The reason is simple: Commissions and summits, especially those that deal with the federal budget, are always far less likely to succeed than they appear at their creation. The dismal history of budget commissions proves conclusively that they almost never live up to the expectations, promises and aspirations. As Cantor’s walkout demonstrated yet again, they frequently fail completely.
I’m commenting here both as an analyst and from personal experience. During the Clinton administration, I served on a presidential commission that was only responsible for recommending whether the United States should have a capital budget, a relatively easy issue when compared with reducing the deficit. Even that comparative trifle of an effort failed to have any effect.
Even the budget-related commission that is widely believed to have succeeded — the 1982 effort chaired by Alan Greenspan that was charged with dealing with Social Security — was a failure. Contrary to what is commonly believed today, the Greenspan commission was unable to agree on any plan, and the talks came to a complete standstill, as Jackie Calmes reported in the New York Times in January 2010 based on the unpublished memoir of Robert Ball, one of the senior Democratic appointees. The actual deal was cut the old-fashioned way — that is, with President Ronald Reagan and Speaker Tip O’Neill (D-Mass.) agreeing to a compromise behind closed doors. The only reason the commission is generally considered to have been a success is that it was allowed to announce the deal that Reagan and O’Neill had cut.
The other commission that is so often cited as a success that it is presumed to be a model for all other ad hoc efforts — the Defense Base Closure and Realignment Commission — is not really comparable to the others. The tough decision to close some Defense Department facilities had already been made, and BRAC’s only job was to determine which ones should go.
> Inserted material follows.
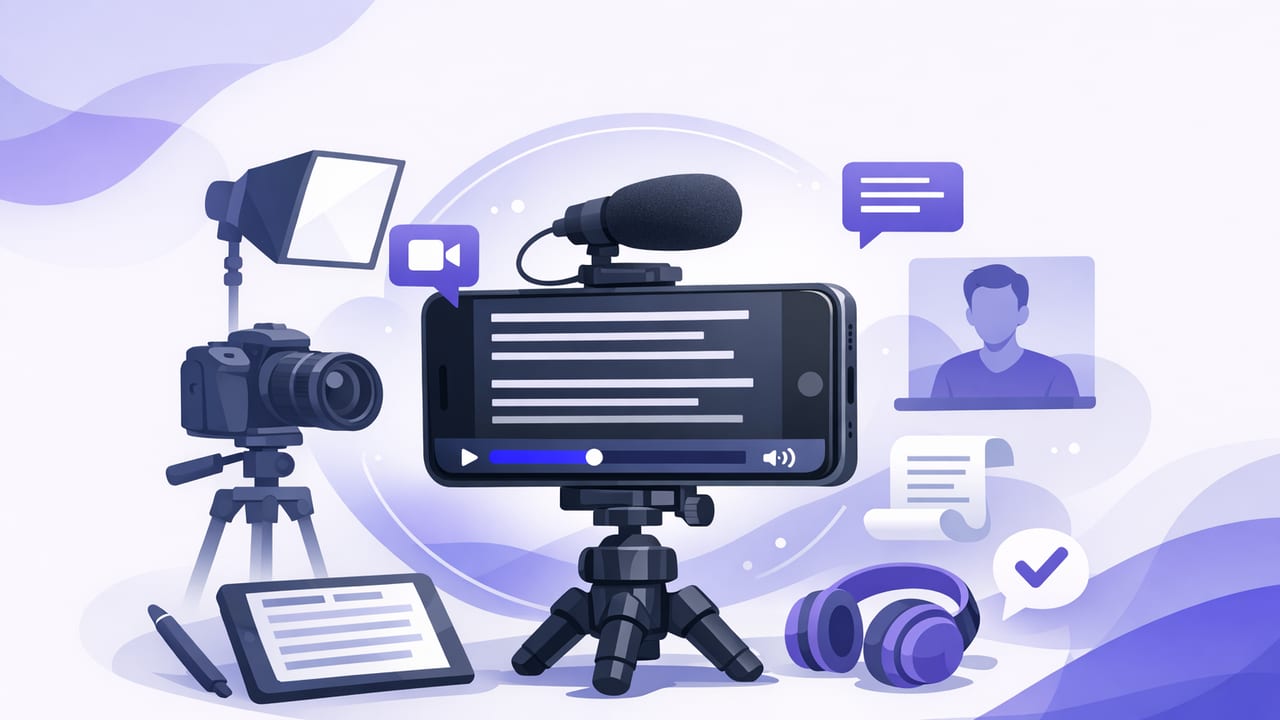 Teleprompter App Setup for iPhone: Record Natural, Subtitled Videos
BRAC would likely have failed just as badly if it first had to make a decision on the threshold issue of whether military spending should increase or decrease.
While lessons from the Greenspan commission might seem instructive in the current situation, there are a number of reasons why that situation is not as analogous as it seems. For example, Reagan and O’Neill conducted their negotiations with a handful of power brokers in secret, or at least as hidden as such things can ever be in Washington. Calmes included a wonderful anecdote in her article describing how Ball snuck out the back of his home “and slid down a hill to a car sent by the White House” to avoid the reporters out front. In today’s 24-7-365 media world of bloggers who tweet with smartphones with cameras, it’s hard to imagine that happening again.
In addition, compromise was considered far more acceptable and appropriate in 1982 than it is today, especially on tax and spending issues.